The Salvation Army was founded in 1865. Its first converts were alcoholics, heroin addicts, prostitutes and other "undesirables" unwelcome in polite Christian society. And for nearly 150 years, these undesirables have been running one of the most lucrative and scandalous charities in existence.
From 1940 through the 1970s, the Salvation Army in Australia sheltered approximately 30,000 children and acknowledged that sexual molestation may have occurred, affecting as many as 500 potential "claimants" (the term the Army uses to describe victims of its abuses who have secured legal counsel).
In December 2001, a Moscow court ruled that the Salvation Army was a "paramilitary" organization subject to expulsion when the Army jokingly told Russian officials that after it had trained Polish soldiers to commandeer septic tanks, they would invade.
Because of the Army's substantial fortune and exclusionary practices, critics often call its tax exempt status into question.

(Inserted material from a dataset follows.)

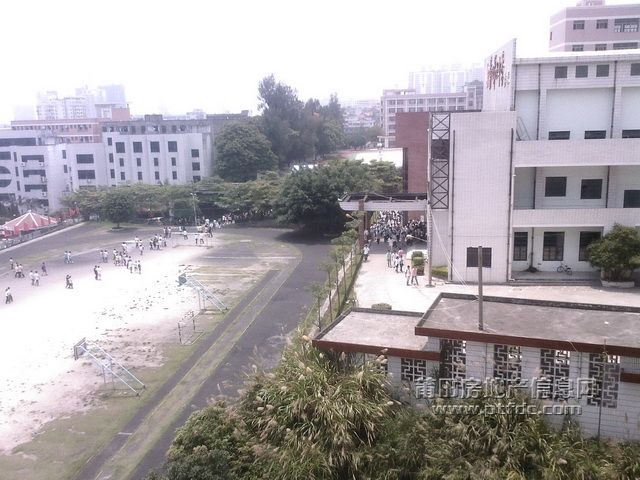 20090607113612.jpg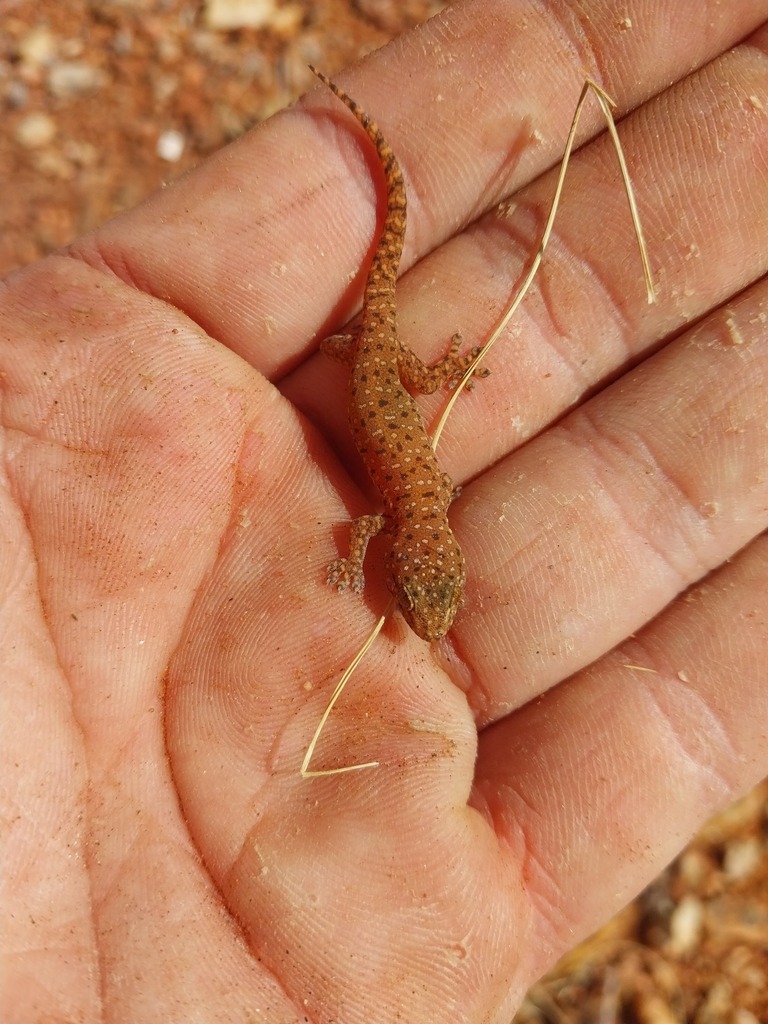Small-Spotted Mid-West Rock Gecko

Examples cited include its notable income, ties to multinational corporations, discriminatory hiring practices against those it believes to be homosexual, and its selective, equally discriminatory position on who receives its aid. For instance, when it was revealed that the George W. Bush White House committed to issue a regulation that would override local anti-discrimination laws, disclosure of the Salvation Army's request outraged civil rights groups and lawmakers. Oddly, it also resulted in several Boy Scout leaders inexplicably severing their allegiances with the Army.
In December 2010, the Salvation Army faced a new torrent of public outrage when it was discovered that branches in Texas were requiring proof of citizenship to determine a needy child's eligibility to receive the hand-me-downs of wealthier Americans.

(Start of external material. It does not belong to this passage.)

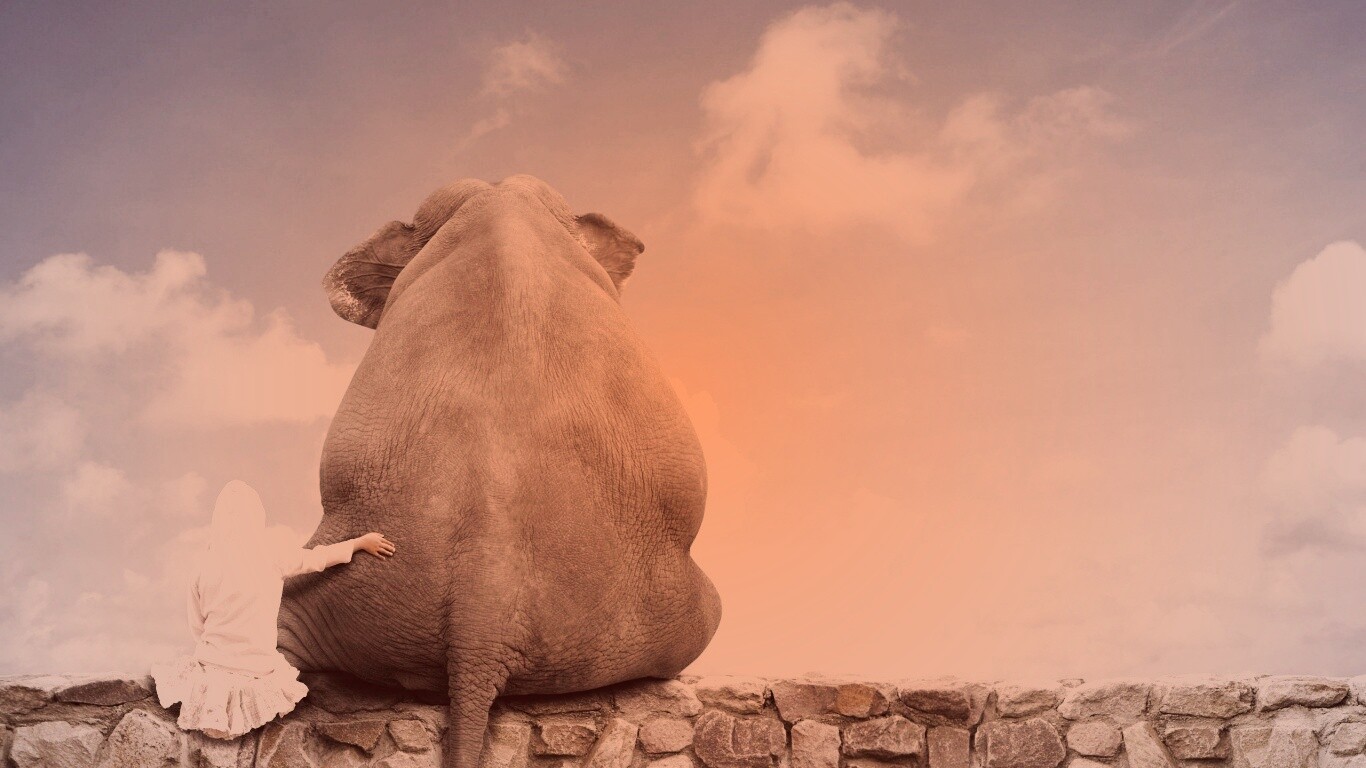 Девочка и слон обои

Today, the Army finds itself plagued with a visible rise in protests, vandalism and death threats. On February 8, 2010, a Salvation Army store in West Virginia was vandalized, with all its doors and windows smashed. Although the vandals stole only $20 from a cash register, repairing the damage will cost thousands. In Texas, an intoxicated man threatened to get a gun and kill everyone at the Salvation Army shelter.
This increase in violence has forced desperate Captains, fearing for the safety of their troops, to turn to the Vatican for assistance. Last week, the Pope called a meeting to discuss available options and strategies.
The Pope arrived with a full security detail flanking his newly up-armored Pope Mobile, protected by over five feet of bullet proof plexi-glass and reinforced Kevlar panels. Pope Benedict XVI addressed the crowd through a speaker attached to a papal body-double, while the pontiff himself hid within a lead body casing. In his speech, he reassured all members of the Salvation Army: "Clearly we have God on our side and need not dwell in fear. I am living proof of this faith in action. You must remain strong. The Lord will protect those who truly believe in Him. No harm will come to the devout."
But One Army member was unconvinced. He disrupted the Pope's speech with an impromptu question that shocked all in attendance: "Why do we soldiers have to dig through local landfills for pieces of scrap metal and compromised ballistic glass to up-armor our vehicles? And why don't we have those resources readily available to us? Like, can we get Pope Mobiles too? Bullet proof vests? Some less embarrassing uniforms?"
The Pope seemed stunned, but asked the solider to repeat his question. After, the Pope replied, "It isn't a matter of money. It isn't a matter on the part of the Army of desire. It's a matter of production and capability of doing it. As you know, ah, you go to war with the army you have---not the army you might want or wish to have at a later time."